Vers un fonds mondial pour l’éducation ?

Vers un fonds mondial pour l’éducation ?

Dans quelques jours, se tiendra à New York un sommet des chefs d’Etat sur les objectifs du Millénaire. Rappelons que l’objectif 2 est d’assurer l’éducation primaire pour tous. La couverture scolaire s’est améliorée, notamment en Afrique, mais «ne progresse pas à un rythme suffisant pour garantir que tous les enfants, garçons et filles, termineront un cycle primaire d’ici 2015 », selon un récent rapport des Nations Unies.

Selon la Banque Mondiale, en Afrique et en Asie du Sud Est, la proportion d’élèves achevant le cycle primaire a augmenté de près de 15 points entre 2000 et 2008. Les dix pays ayant les plus bas taux d’achèvement sont tous en Afrique. Au Tchad, seuls 30% des élèves terminent le cycle primaire, les autres ayant peu de chance d’être alphabétisés.

L’aide au développement a largement contribué à ces résultats mais ne représente qu’une partie des besoins de financement. L’initiative Fast Track, créée en 2002, a contribué à octroyer davantage de ressources vers l’éducation, à la mise sur pied de plans d’investissements et à une plus grande harmonisation de l’aide. Qu’entendons-nous par là ?

L’initiative Fast Track et l’harmonisation de l’aide

D’une logique de projet, ou chaque bailleur finance directement des activités, parfois en dehors des structures du gouvernement, avec un risque de doublons, les bailleurs sont passés à des appuis à des programmes ou plans à long terme mis en œuvre par l’administration. Des aides directes dans les budgets des Etats sont ainsi versées, par l’Union Européenne notamment. Cela permet de supporter d’autres types d’actions que celle des projets (paiement de salaires d’enseignant par exemple), mais présente également d’autres risques… Pour schématiser, l’aide projet est « à la Carte », tandis que l’aide programme ou budgétaire est « au Menu ».

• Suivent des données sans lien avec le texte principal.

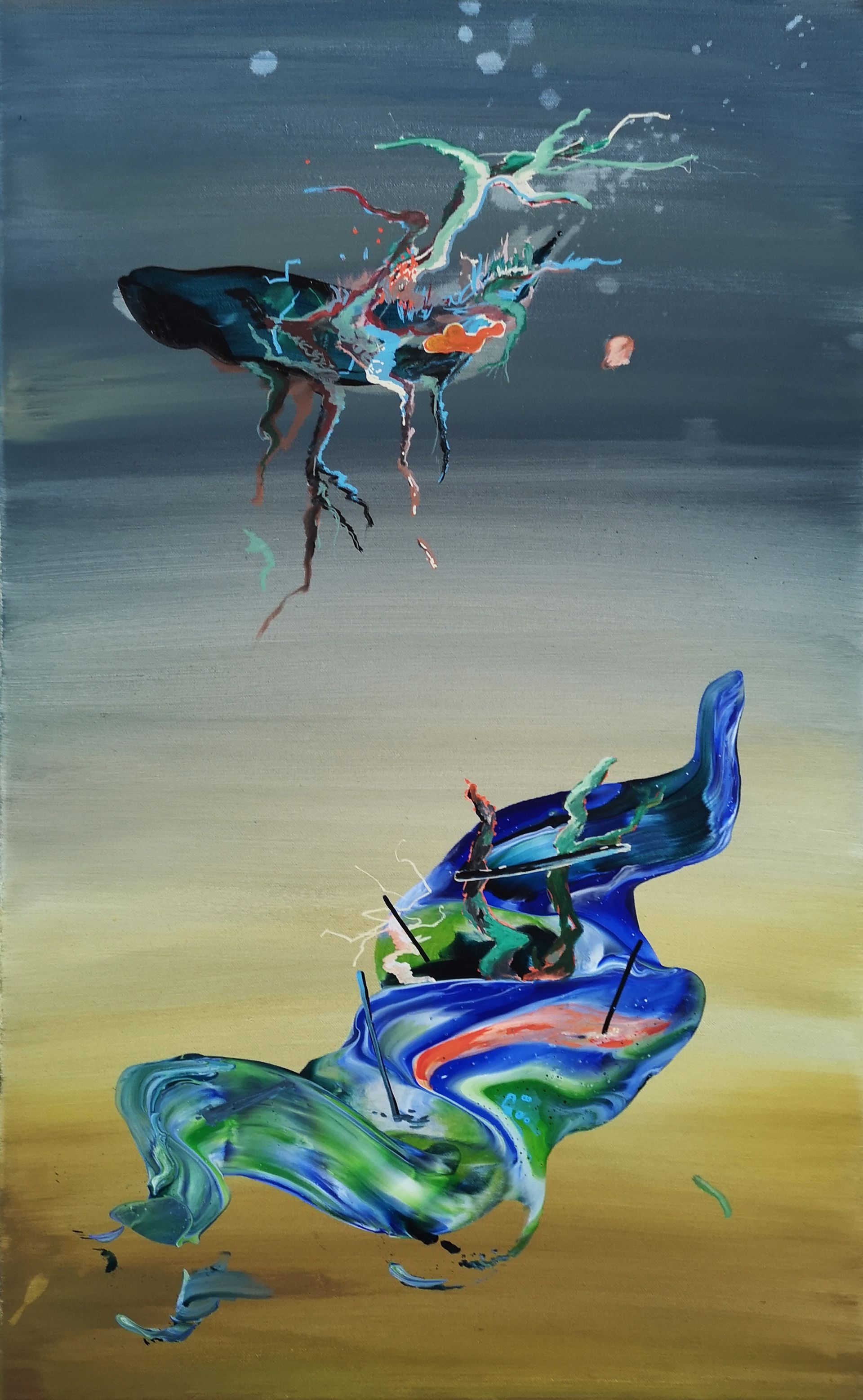 Abstract nature-inspired artwork for office space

L’idée est de mutualiser les financements et l’expertise technique des bailleurs, à travers des « pots communs » ou « fonds catalytiques » et d’assurer une meilleure cohérence des appuis techniques et financiers, à grands renforts de réunions et missions conjointes. Sur le terrain, les choses ont évolué de manière très favorable, mais sur fond de rivalités entre les principaux donateurs. Dans la pratique, la plupart des bailleurs privilégient l’aide bilatérale (d’un Etat à un autre), sans passer par la case « Pot Commun ». Certains Etats ne financent l’éducation quasiment que par projets, c’est le cas des USA. Selon Oxfam, « le Cambodge comptait en 2006, 16 donateurs soutenant 57 projets dans l’éducation … » La France a quant elle quasiment abandonné « l’approche projet » et les FSP pour se tourner vers l’aide programme et budgétaire, mise en œuvre par l’AFD.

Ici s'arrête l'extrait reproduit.